Replace your earlier implementation of Search with the following one:
public static List<Document> Search(string queryTerms)
{
var account =
CloudStorageAccount.Parse(ConfigurationSettings.AppSettings
["DataConnectionString"]);
var terms = queryTerms.Contains(' ')?
queryTerms.ToLower().Trim().Split(' ') : new
string[1]{queryTerms} /* Just one term */;
var resetEvents = new ManualResetEvent[terms.Length];
var allResults = new HashSet<Document>[terms.Length];
for (int i = 0; i < terms.Length; i++)
{
resetEvents[i] = new ManualResetEvent(false);
ThreadPool.QueueUserWorkItem(new WaitCallback((object index) =>
{
var ctx =
new FTSDataServiceContext(account.TableEndpoint.ToString(),
account.Credentials);
var stemmer = new PorterStemmer();
var stemmedTerm = stemmer.stemTerm(terms[(int)index]);
var indexQuery = from indexEntry in
ctx.CreateQuery<IndexEntry>
(FTSDataServiceContext.IndexTableName)
where indexEntry.Term == stemmedTerm
select indexEntry;
var results = new HashSet<Document>();
foreach (IndexEntry indexEntry in indexQuery)
{
var docQuery = from doc in
ctx.CreateQuery<Document>
(FTSDataServiceContext.DocumentTableName)

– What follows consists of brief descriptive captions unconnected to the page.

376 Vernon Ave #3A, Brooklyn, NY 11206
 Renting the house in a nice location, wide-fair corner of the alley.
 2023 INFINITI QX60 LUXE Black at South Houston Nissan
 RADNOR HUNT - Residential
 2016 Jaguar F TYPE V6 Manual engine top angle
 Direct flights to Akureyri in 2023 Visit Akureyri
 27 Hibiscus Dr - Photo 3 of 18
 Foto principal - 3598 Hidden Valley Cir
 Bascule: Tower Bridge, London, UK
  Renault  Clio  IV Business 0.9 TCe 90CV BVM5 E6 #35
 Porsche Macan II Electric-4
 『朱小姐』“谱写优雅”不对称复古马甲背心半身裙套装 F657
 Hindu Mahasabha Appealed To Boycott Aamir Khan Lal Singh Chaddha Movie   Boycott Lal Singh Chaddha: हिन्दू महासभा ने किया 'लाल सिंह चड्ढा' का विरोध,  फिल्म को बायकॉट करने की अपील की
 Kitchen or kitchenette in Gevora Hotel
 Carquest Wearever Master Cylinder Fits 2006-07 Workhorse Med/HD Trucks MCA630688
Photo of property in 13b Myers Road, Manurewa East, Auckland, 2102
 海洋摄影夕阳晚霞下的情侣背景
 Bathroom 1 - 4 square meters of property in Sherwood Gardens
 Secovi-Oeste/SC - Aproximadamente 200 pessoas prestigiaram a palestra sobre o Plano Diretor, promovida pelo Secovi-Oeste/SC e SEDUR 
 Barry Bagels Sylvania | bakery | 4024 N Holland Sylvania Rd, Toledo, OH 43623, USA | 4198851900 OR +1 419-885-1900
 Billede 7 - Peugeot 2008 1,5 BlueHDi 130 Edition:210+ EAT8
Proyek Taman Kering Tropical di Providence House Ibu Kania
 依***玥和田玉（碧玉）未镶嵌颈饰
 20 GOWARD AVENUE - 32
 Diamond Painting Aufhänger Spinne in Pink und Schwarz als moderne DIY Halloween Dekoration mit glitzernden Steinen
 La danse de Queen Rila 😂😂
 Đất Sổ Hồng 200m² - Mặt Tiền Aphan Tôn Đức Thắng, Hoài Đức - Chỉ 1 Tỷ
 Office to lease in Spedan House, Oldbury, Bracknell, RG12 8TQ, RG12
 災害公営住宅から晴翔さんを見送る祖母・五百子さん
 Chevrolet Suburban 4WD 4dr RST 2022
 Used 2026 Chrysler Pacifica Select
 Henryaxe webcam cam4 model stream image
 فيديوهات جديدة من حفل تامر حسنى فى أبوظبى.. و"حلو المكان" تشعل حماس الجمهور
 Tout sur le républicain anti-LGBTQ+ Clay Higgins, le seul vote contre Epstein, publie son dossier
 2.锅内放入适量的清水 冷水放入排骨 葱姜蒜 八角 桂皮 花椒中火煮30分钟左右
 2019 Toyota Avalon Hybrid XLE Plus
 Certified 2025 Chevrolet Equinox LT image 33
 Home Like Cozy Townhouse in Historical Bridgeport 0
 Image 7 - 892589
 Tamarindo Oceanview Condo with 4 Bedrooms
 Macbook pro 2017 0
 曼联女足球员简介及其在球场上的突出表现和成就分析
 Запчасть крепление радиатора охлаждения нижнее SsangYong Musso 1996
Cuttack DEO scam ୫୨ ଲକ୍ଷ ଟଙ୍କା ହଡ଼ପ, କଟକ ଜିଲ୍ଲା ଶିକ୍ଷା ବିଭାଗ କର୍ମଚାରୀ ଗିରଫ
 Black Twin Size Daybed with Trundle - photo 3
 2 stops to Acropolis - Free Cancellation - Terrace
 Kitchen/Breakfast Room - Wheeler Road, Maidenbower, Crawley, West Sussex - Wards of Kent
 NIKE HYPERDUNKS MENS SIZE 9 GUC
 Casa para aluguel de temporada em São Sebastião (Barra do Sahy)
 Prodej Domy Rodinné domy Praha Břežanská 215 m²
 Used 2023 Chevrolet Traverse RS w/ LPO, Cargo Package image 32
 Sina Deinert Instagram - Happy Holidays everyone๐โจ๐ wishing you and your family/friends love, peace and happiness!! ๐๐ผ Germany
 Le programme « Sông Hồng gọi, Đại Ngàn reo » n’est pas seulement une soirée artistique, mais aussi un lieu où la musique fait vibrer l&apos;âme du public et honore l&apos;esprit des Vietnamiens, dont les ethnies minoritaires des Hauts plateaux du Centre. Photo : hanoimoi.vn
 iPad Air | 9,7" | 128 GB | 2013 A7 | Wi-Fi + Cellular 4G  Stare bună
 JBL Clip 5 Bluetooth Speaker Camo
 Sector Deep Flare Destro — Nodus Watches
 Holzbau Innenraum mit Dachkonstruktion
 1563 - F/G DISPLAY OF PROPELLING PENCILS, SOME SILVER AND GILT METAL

where doc.ID == indexEntry.DocID
select doc;
results.Add(docQuery.FirstOrDefault());
}
allResults[(int)index] = results;
resetEvents[(int)index].Set();
}), i);
}
//Wait for all parallel queries to finish executing
WaitHandle.WaitAll(resetEvents);
// Use HashSet's intersection ability. Set it to the first term's
//results and intersect with
// results for all other terms. Though the extension method
// Intersect works with any IEnumerable,
// using HashSet gives us the best search performance
IEnumerable<Document> finalResults =
(IEnumerable<Document>)allResults[0];
foreach (var termResults in allResults)
{
finalResults = finalResults.Intersect(termResults);
}
return finalResults.ToList<Document>();
}
You can now run the project, search for multiple terms, and look
for results that contain all terms. Here’s a search query where each
term exists in multiple books, but the combination exists in only
one:
>search france dantes Marseilles
Count of Monte Cristo - Alexandre Dumas.txt
3.10. Ideas for improvement
This discussion has barely scratched the tip of the proverbial
iceberg. Information retrieval is a vast field, and there is a lot of
existing research and code on indexing, stemming, word breaking,
ranking, and various other aspects of a search.
There is also room for improvement in how you use Windows Azure
tables. For example, this examination did not include snippets of the
results and where they appear inside each book. Indexing is quite slow
in this current implementation, because you make a round trip to the
server per term, and it will need to speed up before it can be used
for interactive data entry, as opposed to a background batch
job.
Depending on your scenario, there is a lot of scope for
improvement on the ideas presented so far.